• Entries provided:
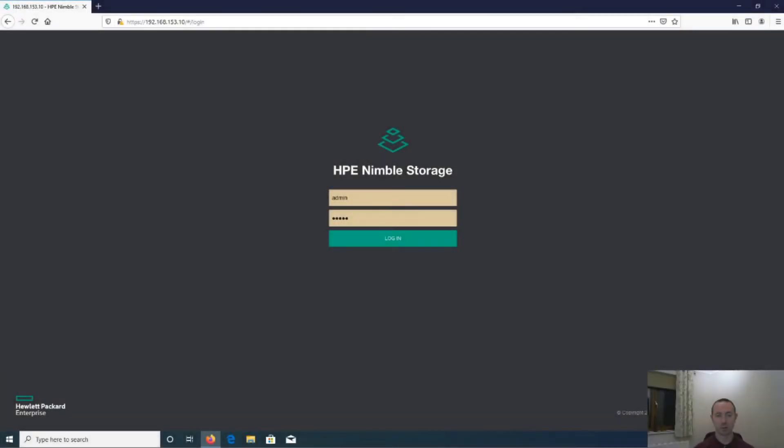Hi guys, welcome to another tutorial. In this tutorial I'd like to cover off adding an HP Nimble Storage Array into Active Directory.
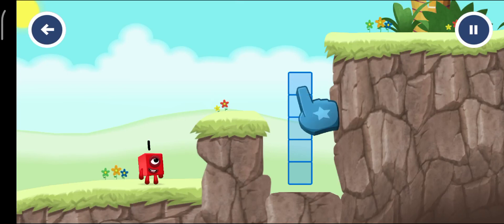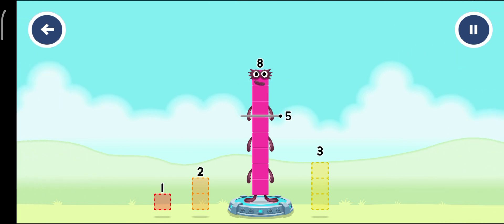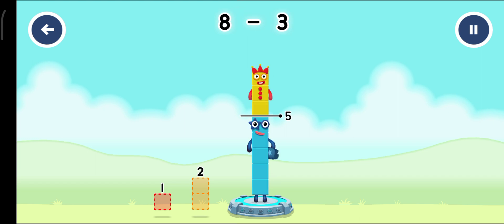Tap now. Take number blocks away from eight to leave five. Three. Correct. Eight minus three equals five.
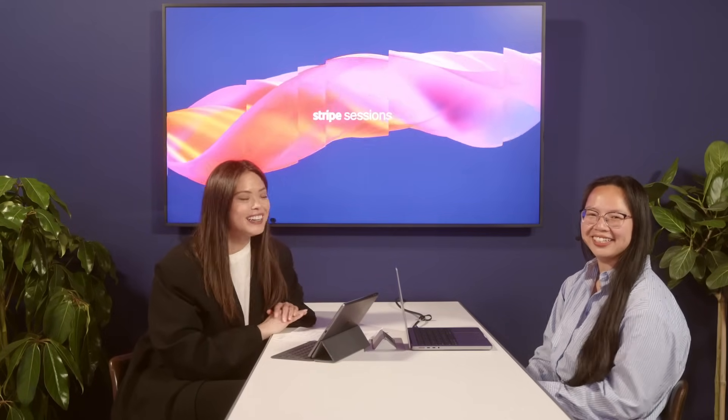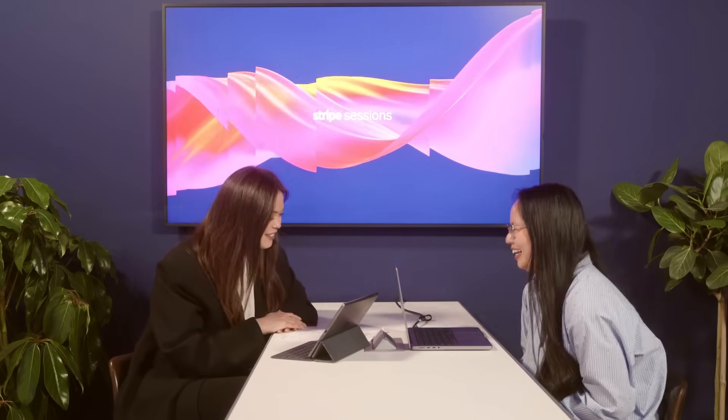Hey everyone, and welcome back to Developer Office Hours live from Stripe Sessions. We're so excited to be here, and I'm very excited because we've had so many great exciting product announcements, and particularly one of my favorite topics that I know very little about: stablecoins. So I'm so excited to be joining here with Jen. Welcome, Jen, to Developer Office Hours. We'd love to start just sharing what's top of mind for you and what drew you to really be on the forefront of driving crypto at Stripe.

* * *

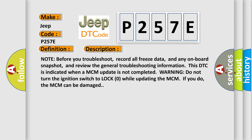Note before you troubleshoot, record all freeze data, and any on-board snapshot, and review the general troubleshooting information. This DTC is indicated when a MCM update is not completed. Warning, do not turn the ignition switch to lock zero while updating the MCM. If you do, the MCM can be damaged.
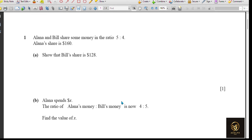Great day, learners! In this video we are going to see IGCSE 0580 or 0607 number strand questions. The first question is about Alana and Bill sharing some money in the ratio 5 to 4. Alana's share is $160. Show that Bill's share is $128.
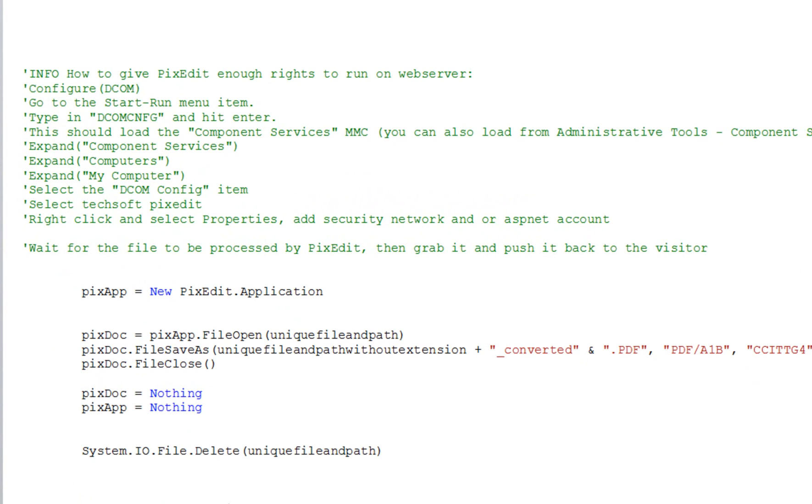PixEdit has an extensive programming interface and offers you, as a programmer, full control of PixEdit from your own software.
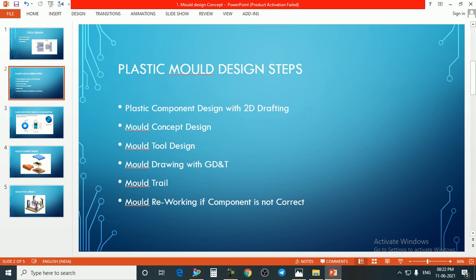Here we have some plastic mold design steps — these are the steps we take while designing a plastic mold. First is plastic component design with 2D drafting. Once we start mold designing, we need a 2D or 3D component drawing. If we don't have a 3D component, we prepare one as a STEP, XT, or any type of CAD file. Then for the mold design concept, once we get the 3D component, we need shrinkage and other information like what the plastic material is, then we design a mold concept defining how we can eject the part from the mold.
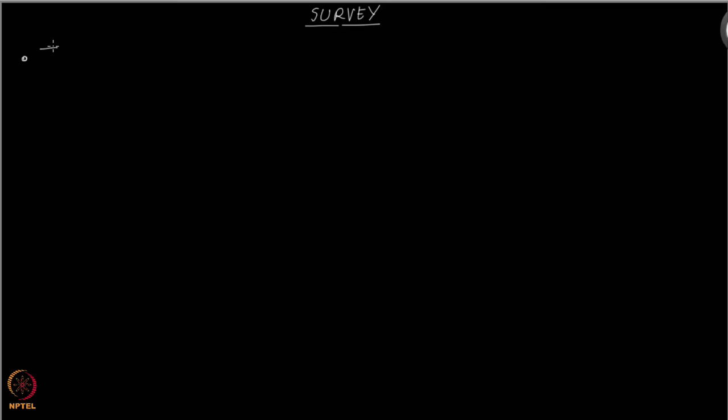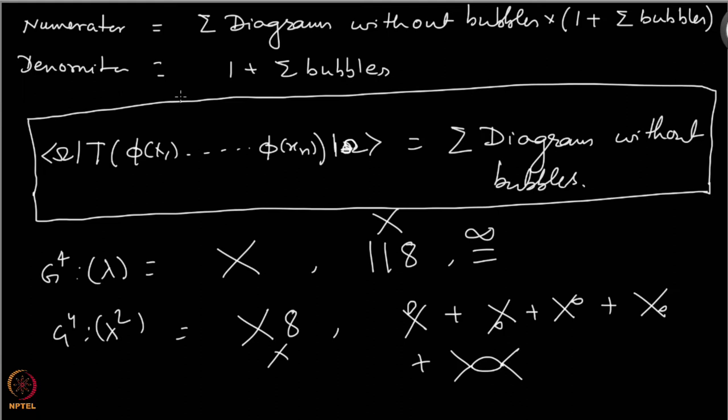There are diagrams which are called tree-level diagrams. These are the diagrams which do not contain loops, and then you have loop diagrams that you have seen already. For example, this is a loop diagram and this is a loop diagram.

==

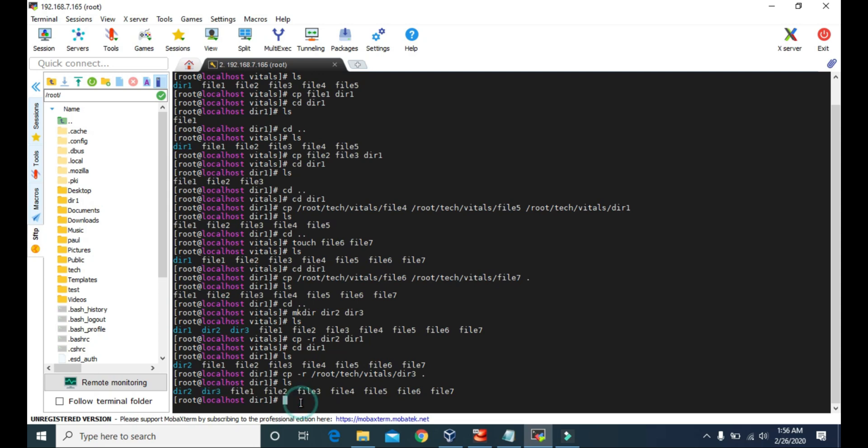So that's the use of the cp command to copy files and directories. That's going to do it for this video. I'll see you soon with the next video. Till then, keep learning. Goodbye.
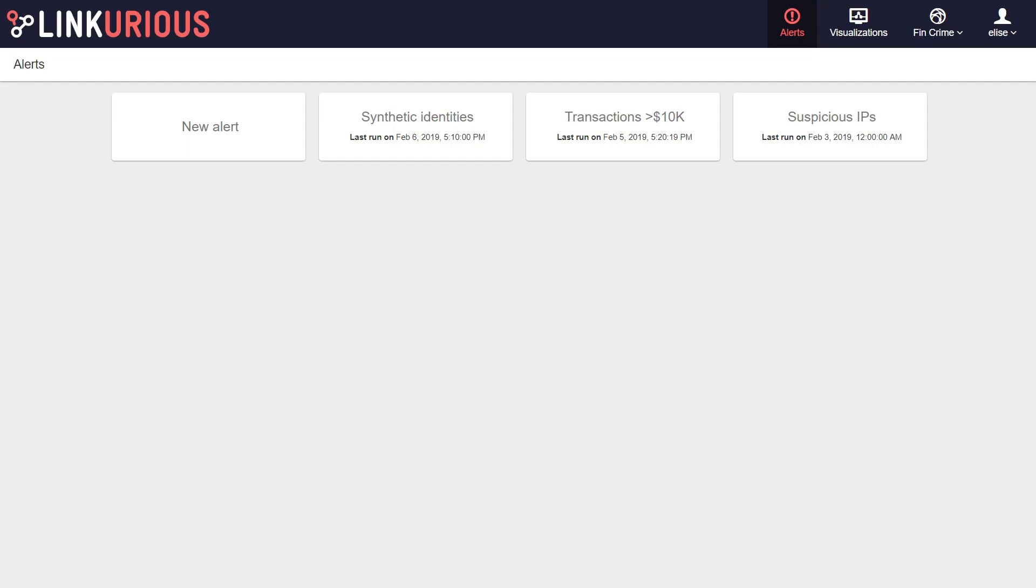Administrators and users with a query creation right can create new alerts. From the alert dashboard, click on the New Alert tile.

• Exercise description:
With the pictures removed from your copy, retype the lines above from the one that contains "Hi guys, welcome" through the one that contains "Tap now. Take", exactly.

• Answer box:
Hi guys, welcome to another tutorial. In this tutorial I'd like to cover off adding an HP Nimble Storage Array into Active Directory.
Tap now. Take number blocks away from eight to leave five. Three. Correct. Eight minus three equals five.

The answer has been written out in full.